3.2. Algumas tensões e desafios no processo de incorporação das TIC na educação

A incorporação das TIC na formação docente é um imperativo tanto para a própria formação quanto para a aprendizagem dos futuros alunos. Um docente que não maneje as tecnologias da informação e comunicação está em clara desvantagem com relação aos seus alunos.

Este “manejo” das tecnologias implica em alguns pontos de tensão. Um ponto de forte tensão das experiências com TIC na formação de docentes é a dualidade/ênfase na tecnologia e não na pedagogia. As experiências com TIC na educação devem enfatizar os aspectos pedagógicos e não tecnológicos, mas nem sempre isso acontece. A ênfase está no processo de ensino aprendizagem e não no manejo técnico dos equipamentos.

Observa-se a universalização do discurso de que o professor é o protagonista principal das mudanças que se buscam na educação, mas a incorporação do tema “TIC e educação” no currículo de formação inicial docente é limitado e insuficiente.

A incorporação das TIC na educação é um processo altamente dificil, pois envolve o “enxerto” de um modelo (com seus conceitos, discursos e práticas), originados fora do sistema de ensino. O processo inicial é sempre de "fora" para “dentro” do sistema educativo criando múltiplas resistências. Grande parte da resistência vem dos professores, cuja educação foi de forma tradicional e, portanto, não estão familiarizados com as TIC e suas linguagens (SUNKEL, 2006,p.108).

Outro ponto de tensão é delegar a responsabilidade da tarefa de formação inicial docente em TIC a todos os formadores e também a instituição formadora como um todo e não ao especialista/professor de informática.

A formação de docentes e seu desenvolvimento profissional são pontos cruciais e decisivos nos processos de reforma da educação e que merecem especial atenção por parte dos dirigentes governamentais.
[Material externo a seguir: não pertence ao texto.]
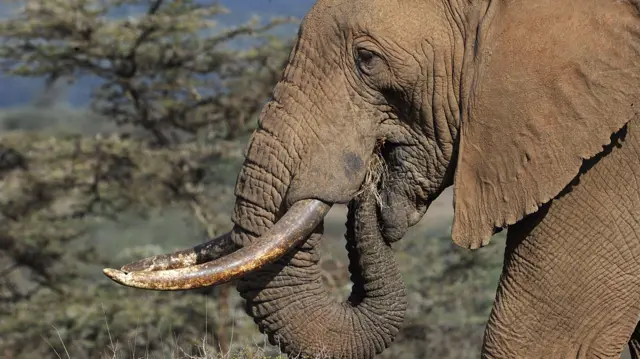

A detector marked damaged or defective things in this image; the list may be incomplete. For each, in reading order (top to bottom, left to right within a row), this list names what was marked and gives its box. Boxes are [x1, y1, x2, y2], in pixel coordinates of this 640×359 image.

tusk damage [101, 200, 330, 292]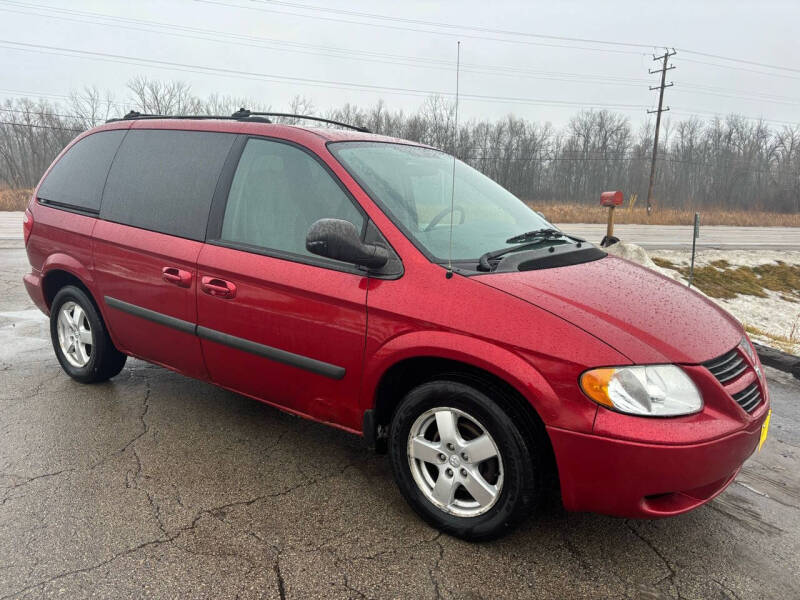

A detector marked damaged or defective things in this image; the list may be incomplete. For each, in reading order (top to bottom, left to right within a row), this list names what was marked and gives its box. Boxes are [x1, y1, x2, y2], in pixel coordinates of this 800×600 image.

cracked pavement [1, 246, 800, 596]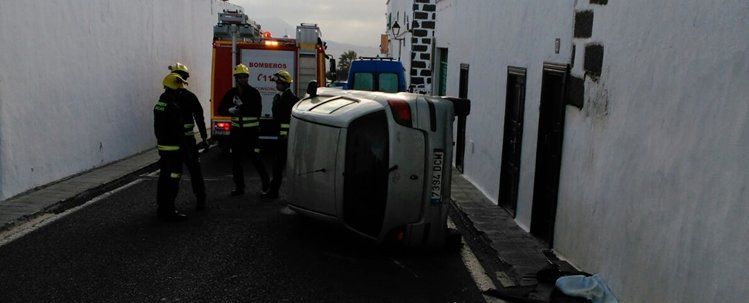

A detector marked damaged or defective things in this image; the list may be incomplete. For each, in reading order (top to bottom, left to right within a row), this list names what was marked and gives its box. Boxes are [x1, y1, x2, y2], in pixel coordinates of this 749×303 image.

overturned white car [284, 85, 468, 249]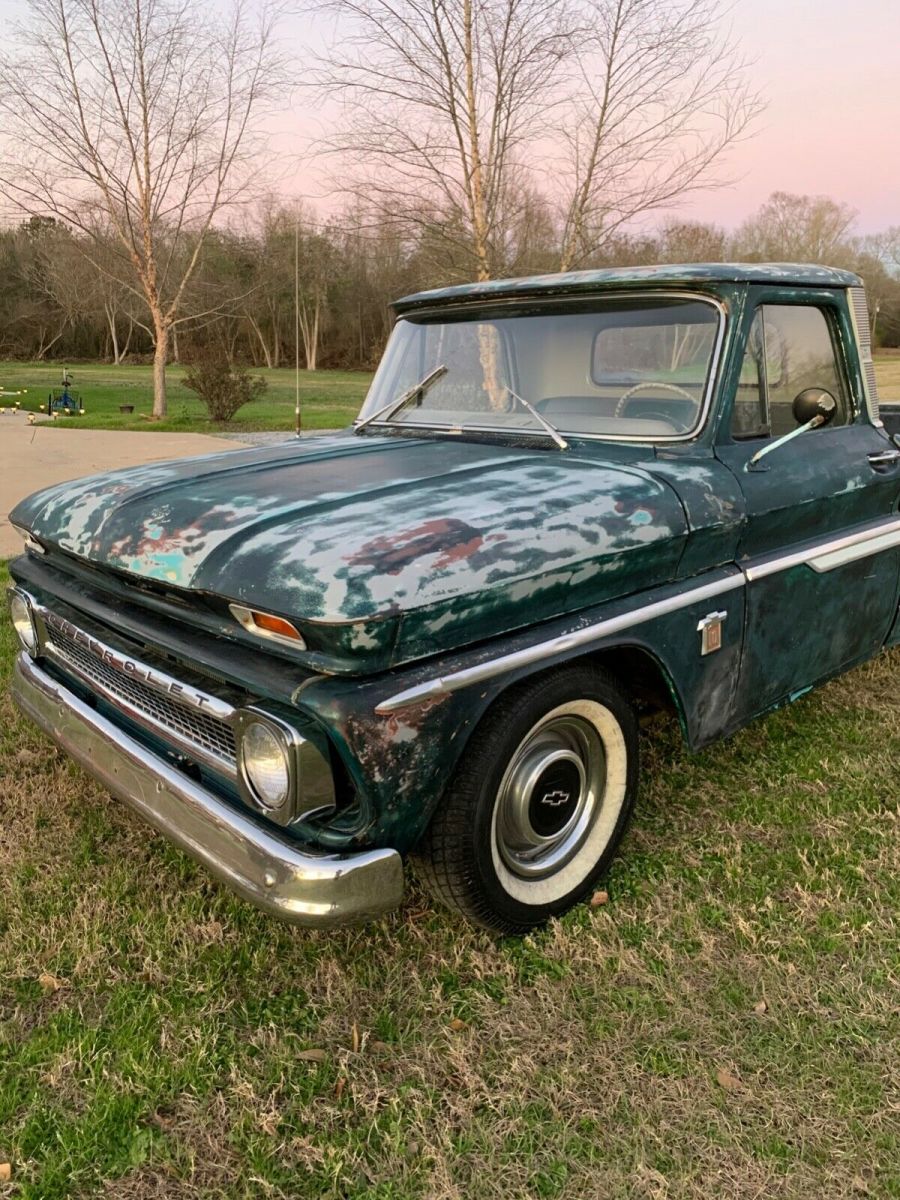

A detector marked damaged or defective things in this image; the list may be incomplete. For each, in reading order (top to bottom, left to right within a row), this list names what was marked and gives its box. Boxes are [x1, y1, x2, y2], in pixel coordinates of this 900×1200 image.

cracked windshield [362, 298, 720, 438]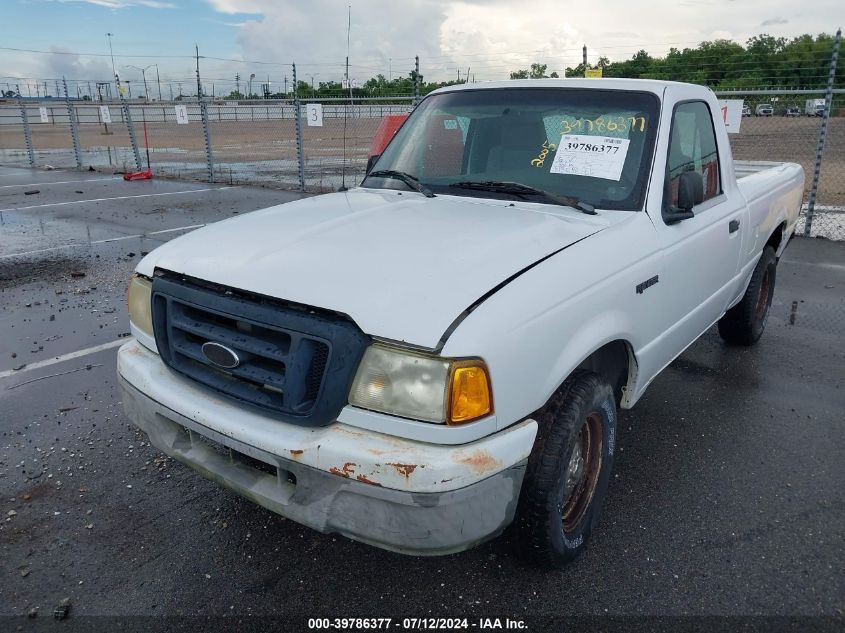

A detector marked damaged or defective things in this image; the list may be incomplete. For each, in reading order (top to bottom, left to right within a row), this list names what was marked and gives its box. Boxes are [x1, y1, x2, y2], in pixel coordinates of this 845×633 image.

rust spot on bumper [454, 450, 502, 474]
rusty wheel rim [560, 410, 600, 532]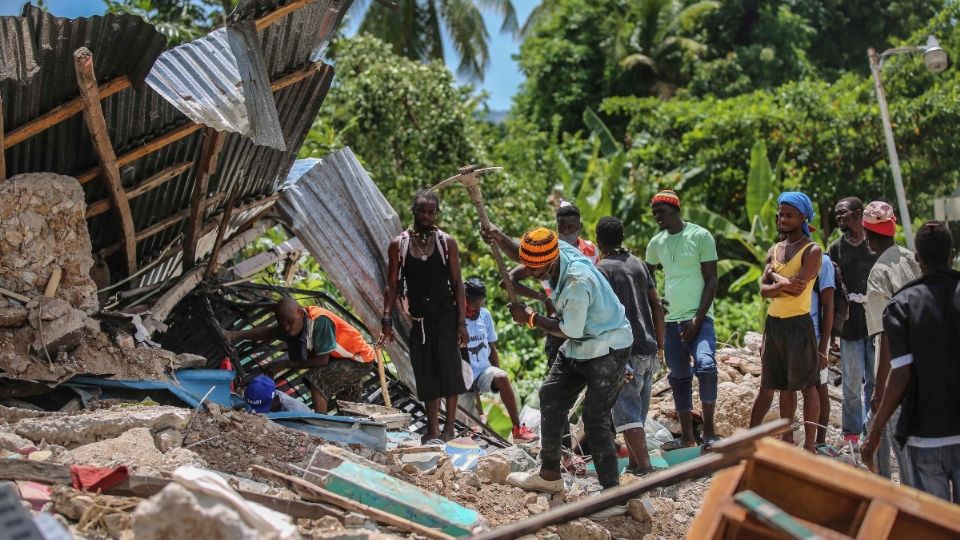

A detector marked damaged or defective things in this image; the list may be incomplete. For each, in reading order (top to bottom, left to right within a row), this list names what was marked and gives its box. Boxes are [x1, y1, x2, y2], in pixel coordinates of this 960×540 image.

broken concrete slab [15, 404, 190, 448]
Gatti e Sá Barreto (2009) apontam em seus estudos sobre a formação inicial de professores no Brasil, um currículo tradicional sem campos de estudo nem prática, em pesquisa e inovações educativas. A característica do currículo dos cursos superiores brasileiros é o conjunto de disciplinas bastante disperso e fragmentado, com uma proporção bem pequena de disciplinas obrigatórias dedicadas a temas de tecnologia, cujos conteúdos em TIC não passam de iniciação ou de alfabetização digital. Os cursos de formação inicial docente não se devem restringir à introdução de temas específicos, mas sim que resulte em modificações das práticas dos formadores na preparação dos futuros professores. Valente (2011) destaca ainda que a rápida evolução das TIC tornaram-se outro obstáculo, pois os processos de formação docente não acompanham todas as inovações educativas e tecnológicas.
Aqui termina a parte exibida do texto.